Of course, Hamilton was hardly a lazy man: he wrote literary biography, edited magazines, wrote for literary journals, and so on. But he was never a 'professional' poet. Like his contemporary, Larkin, who also published a relatively slim body of work in his own lifetime, he had plenty of other bread-and-butter stuff to be getting on with.
I'm not against NaPoWriMo at all. Firstly, there are enough people in the world who spend their time disapproving of things that other people do (the opinion columns of our press are full of such sounding-off). Secondly, I would have to admit a certain jealousy. April is not the cruelest month for me, but certainly one of the busier ones in the year. I don't have the time or the excess mental energy to be churning out thirty poems, but I am envious of those who do. However, I would also say that it does concern me sometimes that our poetry writing culture (on-line and elsewhere) is so very fixed on production: workshops, residential courses, writing prompts. The injunction seems to be that we must write more and ever more poems.

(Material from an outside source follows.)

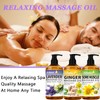 3 Pack Massage Oil for Massage Therapy,Sore Muscle Arnica Oil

While it is a marvelous thing when people are given the confidence to write, while nobody should be discouraging anyone from doing so, I would also want to say that it is okay to write more slowly, to be less productive, to revisit, revise, to stop writing for a while, to spend more time reading than you ever do with a pen and notebook (especially that!). Is this a suggestion for National Not Writing Poetry Month (NaNoPoWriMo)? Well, hardly. I have plenty of those anyhow. But in this culture of productivity, poets also need permission to go slow, or at least find their own pace.